There are many helpful pieces of advice regarding traveling, but these 20 funny tips aren’t among them. This list is supposed to make you smile because not being on vacation is hard enough. Check them out and share the fun with your friends!
1. I've tried this. It worked.
If your husband tells you to stop packing so many things into your bag, discretely sneak them into his.
2. It's true!
Vacation calories don’t count.
3. One vacation is simply not enough.
To really beat the stress at work, it’s recommended you take a six-month vacation, twice a year.
4. Yeah... so unfair.
Don’t even ask, because they won’t let you change seats on an airplane if you’re seated next to a crying baby. Especially if the baby is yours.

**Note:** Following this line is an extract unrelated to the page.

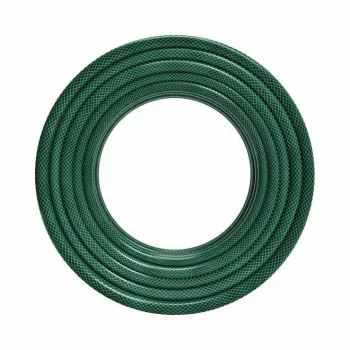 AWTOOLS AW70424 Manguera de jardín de PVC reforzada de 3 capas 1/2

5. This is the best piece of advice you'll ever receive.
Whenever you’re traveling, take half of the clothes you’ve been planning to, and double the money.
6. The best way to test a friendship.
There’s no better way to find out if you hate someone than to take a trip with them.

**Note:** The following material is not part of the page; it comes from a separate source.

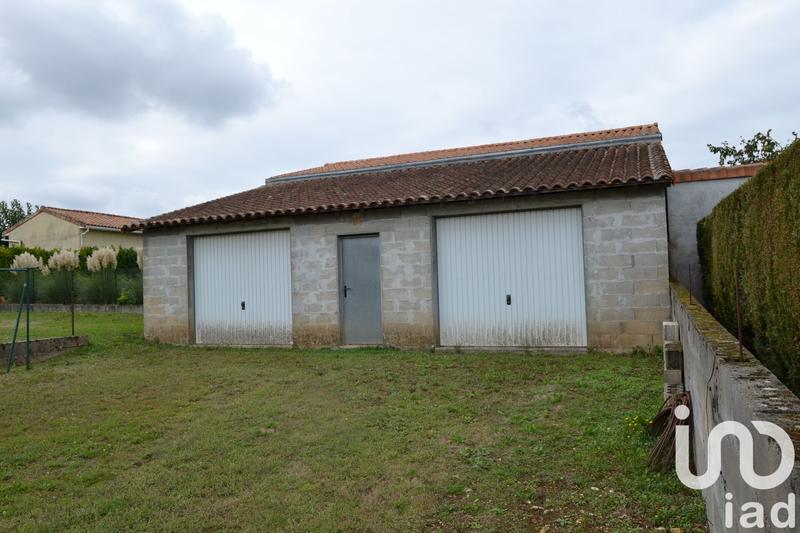 Maison - 118 m² - 5 pièces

7. They will do ANYTHING to find you.
When you fly, make sure you don’t pay any of your bills. If anything happens to the plane, you can be sure those people will never stop trying to find you.
You know you’re on a good vacation when someone asks you what you do for a living, and you can’t remember the answer.

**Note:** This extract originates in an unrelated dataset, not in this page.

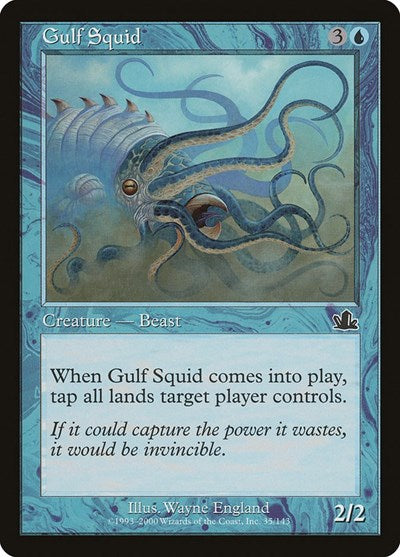 Gulf Squid|10|0|0.00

9. How to save money when traveling:
Kilometers are shorter than miles, so next time, take your trip in kilometers and save some money.
10. Also, they'll stay away from you.
On the first day at work after vacation, tell everyone you’re dealing with a nasty allergy. This way, they won’t be able to tell that you can’t stop crying.
11. That's something you'll want to know sooner rather than later.
Before you marry someone, take them on a flight to see if they clap when the plane is landing.
12. This works!
To avoid the post-vacation blues, spend the first week at work scheduling your next trip.
13. It does!
Running to the boarding gate counts as cardio.
14. That's why I work.
Money can’t buy happiness, but it can buy plane tickets and that’s pretty much the same thing.
15. Best traveling tip ever.
If you don’t want crying babies to ruin your vacation, just leave them at home.
16. "It's ok, she's a tourist..."
No matter where you are in the world, if you wear sunglasses and a beach hat, you can day drink without being judged.
17. The staff will love it!
Next time when you’re in a hotel, leave your sheets like this when you check out.
18. Why are they in such a hurry?
Never trust a person who gets up the second the plane lands.
19. "Have you tried putting it in rice?"
Your boss won’t be able to bother you if you “accidentally” take a swim with the work phone in your pocket.
20. You HAVE to buy souvenirs while traveling.
On vacation, we don’t call it “shopping”, we call it “buying souvenirs”. For ourselves.